The difference is that most countries at least pretend to care about fixing issues, or deny they exist in the first place. With Israel the answer is typically a more blatant “we know and we don’t care”. This obviously attracts more condemnation, in a vicious circle, and enables people who oppose the existence of Israel on ideological grounds.

I keep hoping that both sides of the Israel/Palestine issue will start boxing a bit smarter... but it never happens.


> With Israel the answer is typically a more blatant “we know and we don’t care”

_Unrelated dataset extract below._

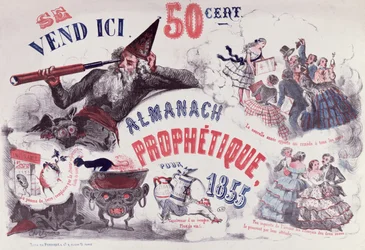 Portada de un almanaque profético que representa a Nostradamus, 1855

I disagree with that assessment. Israel gave away a ton of territory they've won in defensive wars. Sinai back to Egypt - that area alone is several times the size of Israel. South Lebanon back to Lebanon. Gaza back to Palestinians. Prior to Syrian civil war there was talk of Golan Heights going back to Syria in exchange for peace. There were multiple major attempts to make peace (like Clinton effort) where the Arabs walked away.

This tells me that Israel is willing to talk and the other side - no so much.


This has nothing to do with the human rights of people living in the territories, please don’t reach for talking points.


When you mentioned vicious cycle, I assumed you referred to the never ending conflict rather than human rights. That is what I was referring to.

These are not talking points. It’s my observation.


It is part of the UN. See this BBC article for more: BBC News - UN lists 112 businesses linked to Israeli settlements https://www.bbc.co.uk/news/world-middle-east-51477231


Technically yes. However, this quote from Wikipedia "the Council has resolved more resolutions condemning Israel than the rest of the world combined" should probably tell you everything you need to know.


> focuses on Israel to the exclusion of pretty much anything else

Certainly, just Israel. And China. And Russia. And even asylum seekers sailing to Australia. But definitely a single issue antisemitic org.